What happens after a response is filed?
The divorce process is rarely a quick one. The most efficient divorces occur between two people who spend their time focusing on the importance of keeping their family happy and caring for their kids rather than hurting one another. These are couples who sit down together and figure out the family finances, the assets and debts, and how they want to handle caring for their kids. They file together, they have their affairs in order, and the process is faster for them because they’re making it as simple as possible. When you decide to file on your own and serve your spouse with divorce papers, there might be a few issues.
The first step after filing is the serving of the papers. A process server finds your spouse and provides him with the papers. He has so many days to read the papers you filed to see what you’re asking for and what conditions the divorce decree comes with. He then has to file a response by the date listed on the paperwork. This response either agrees to the conditions outlined on the paperwork or disagrees with the conditions. He may file his own conditions, and the court will go over those and potentially ask that you go through mediation.

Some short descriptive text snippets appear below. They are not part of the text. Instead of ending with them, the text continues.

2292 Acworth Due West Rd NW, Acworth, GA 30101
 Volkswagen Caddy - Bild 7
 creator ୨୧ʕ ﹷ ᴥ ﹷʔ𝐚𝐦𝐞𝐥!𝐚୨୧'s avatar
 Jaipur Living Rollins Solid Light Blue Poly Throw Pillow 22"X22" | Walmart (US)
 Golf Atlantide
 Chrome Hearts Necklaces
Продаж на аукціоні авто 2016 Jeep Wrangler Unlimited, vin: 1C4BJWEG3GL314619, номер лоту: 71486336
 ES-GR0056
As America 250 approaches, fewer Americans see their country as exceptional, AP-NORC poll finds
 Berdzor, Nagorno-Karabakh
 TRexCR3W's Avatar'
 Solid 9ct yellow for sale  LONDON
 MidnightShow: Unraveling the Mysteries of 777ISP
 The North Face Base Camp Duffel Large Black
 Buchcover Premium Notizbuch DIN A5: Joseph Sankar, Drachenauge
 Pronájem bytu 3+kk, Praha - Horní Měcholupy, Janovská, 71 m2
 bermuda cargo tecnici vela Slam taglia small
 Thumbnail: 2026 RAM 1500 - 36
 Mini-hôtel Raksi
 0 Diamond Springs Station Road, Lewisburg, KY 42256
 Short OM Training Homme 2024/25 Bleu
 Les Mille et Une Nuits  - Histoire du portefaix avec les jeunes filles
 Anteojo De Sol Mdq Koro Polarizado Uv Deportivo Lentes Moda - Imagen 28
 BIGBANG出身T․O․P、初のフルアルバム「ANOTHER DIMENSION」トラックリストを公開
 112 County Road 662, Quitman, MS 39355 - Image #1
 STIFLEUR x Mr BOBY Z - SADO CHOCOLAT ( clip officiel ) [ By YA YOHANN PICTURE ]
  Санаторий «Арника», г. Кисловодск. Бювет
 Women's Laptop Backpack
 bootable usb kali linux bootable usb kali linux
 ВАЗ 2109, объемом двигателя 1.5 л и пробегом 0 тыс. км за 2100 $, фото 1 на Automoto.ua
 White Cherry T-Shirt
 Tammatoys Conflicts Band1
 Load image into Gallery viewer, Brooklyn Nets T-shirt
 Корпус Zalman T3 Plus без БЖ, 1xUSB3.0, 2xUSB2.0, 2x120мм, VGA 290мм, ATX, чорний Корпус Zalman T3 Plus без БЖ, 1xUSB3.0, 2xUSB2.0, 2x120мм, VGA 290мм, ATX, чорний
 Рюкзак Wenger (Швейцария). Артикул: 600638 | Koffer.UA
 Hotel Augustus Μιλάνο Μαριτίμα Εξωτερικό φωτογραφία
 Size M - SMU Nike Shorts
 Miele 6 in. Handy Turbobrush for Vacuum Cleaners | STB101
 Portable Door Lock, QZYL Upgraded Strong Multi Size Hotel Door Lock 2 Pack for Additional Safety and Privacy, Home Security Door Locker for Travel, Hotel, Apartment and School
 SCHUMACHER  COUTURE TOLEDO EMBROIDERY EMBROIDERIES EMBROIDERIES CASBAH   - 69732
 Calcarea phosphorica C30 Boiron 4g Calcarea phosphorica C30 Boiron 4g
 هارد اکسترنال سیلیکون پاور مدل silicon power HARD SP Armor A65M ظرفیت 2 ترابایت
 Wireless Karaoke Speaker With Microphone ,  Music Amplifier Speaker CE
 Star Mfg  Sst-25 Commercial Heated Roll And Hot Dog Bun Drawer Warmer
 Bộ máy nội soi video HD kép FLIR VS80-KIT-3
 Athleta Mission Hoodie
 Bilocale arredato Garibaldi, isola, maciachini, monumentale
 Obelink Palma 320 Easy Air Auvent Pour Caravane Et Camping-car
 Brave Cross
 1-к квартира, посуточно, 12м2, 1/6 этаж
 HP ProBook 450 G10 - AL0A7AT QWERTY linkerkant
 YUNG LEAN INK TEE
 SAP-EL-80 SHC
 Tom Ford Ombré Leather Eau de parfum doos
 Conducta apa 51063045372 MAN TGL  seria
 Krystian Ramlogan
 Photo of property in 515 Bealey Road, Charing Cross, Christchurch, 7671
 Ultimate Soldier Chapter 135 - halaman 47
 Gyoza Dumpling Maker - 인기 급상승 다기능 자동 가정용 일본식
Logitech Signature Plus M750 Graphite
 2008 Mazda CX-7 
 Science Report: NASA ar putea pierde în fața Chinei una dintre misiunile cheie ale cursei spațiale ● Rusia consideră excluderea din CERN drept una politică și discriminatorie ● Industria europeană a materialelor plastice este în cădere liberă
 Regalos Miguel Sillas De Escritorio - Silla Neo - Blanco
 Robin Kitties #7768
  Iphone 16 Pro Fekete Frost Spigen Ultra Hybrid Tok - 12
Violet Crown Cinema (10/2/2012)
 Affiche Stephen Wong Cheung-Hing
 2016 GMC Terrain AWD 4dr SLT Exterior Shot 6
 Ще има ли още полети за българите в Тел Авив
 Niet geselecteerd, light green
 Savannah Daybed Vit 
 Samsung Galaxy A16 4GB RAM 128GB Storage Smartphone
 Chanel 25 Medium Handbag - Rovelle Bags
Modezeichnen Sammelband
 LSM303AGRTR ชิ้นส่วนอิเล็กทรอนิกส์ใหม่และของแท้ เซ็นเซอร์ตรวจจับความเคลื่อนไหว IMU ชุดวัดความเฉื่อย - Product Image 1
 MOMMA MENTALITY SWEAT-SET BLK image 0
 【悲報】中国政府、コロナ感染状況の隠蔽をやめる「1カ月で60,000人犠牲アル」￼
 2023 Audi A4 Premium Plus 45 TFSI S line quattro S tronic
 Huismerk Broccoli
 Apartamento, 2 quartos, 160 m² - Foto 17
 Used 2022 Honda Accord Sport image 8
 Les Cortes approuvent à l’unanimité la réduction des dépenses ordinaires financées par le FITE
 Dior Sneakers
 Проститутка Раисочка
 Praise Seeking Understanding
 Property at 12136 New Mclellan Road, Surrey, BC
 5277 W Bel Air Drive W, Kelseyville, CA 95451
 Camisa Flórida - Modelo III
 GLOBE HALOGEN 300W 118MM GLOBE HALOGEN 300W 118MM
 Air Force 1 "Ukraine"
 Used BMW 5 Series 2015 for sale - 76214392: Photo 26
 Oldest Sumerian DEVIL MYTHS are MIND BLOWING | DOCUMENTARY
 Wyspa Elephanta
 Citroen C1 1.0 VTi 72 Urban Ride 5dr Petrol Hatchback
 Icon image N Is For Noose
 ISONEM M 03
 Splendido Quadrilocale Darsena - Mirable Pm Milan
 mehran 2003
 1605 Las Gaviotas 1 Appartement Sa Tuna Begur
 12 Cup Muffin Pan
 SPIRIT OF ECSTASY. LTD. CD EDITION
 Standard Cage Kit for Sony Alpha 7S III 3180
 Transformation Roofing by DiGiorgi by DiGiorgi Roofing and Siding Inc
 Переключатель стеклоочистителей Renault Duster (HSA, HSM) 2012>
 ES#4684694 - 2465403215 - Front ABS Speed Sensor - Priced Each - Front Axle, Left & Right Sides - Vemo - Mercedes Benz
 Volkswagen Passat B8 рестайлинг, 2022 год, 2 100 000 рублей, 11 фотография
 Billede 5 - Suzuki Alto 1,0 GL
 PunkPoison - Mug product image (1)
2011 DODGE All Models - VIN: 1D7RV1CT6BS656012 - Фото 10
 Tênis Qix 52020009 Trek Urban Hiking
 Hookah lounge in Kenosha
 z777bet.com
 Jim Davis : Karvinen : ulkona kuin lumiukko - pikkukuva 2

Mediation is a process in which you both sit down with a neutral third party to discuss the outlining facts regarding your case. You will be asked to come up with satisfactory agreements while you’re together, which includes discussing what you disagree with in the petition that was filed. If you can come up with a satisfactory agreement about everything you previously disagreed upon during mediation, the process of your divorce will move along much faster.
If you disagree, you might find yourselves in a court hearing in front of a judge arguing your case. This means you must stand there while the judge asks you why you want this and not that, and then he makes the decision for you based on need and evidence or anything else that’s needed to make a final decision. If you are going to disagree and end up in front of a judge, you can confidently assume you might not like the outcome of this situation. It’s far better to handle this in the mediation room or prior to filing for divorce.
Do I need an attorney?
You are not required by law to have an attorney with you when you go through a divorce. You may represent yourself in the middle of your divorce, but an attorney can certainly make the process a bit smoother. An attorney can work with your spouse’s attorney to figure out how to divide assets and debts, child custody, and come up with an agreement for you. You aren’t required to be there with the attorneys, and things often run a bit smoother when you have an attorney do this for you.
You might even avoid a court hearing if you hire an attorney to fight for what you want in your divorce. It’s not an easy situation in which to be, but you should remember trying to hurt your spouse in the middle of a divorce by disagreeing on everything is only making things more difficult. Be honest and open, and don’t assume you’re doing the right thing fighting every point.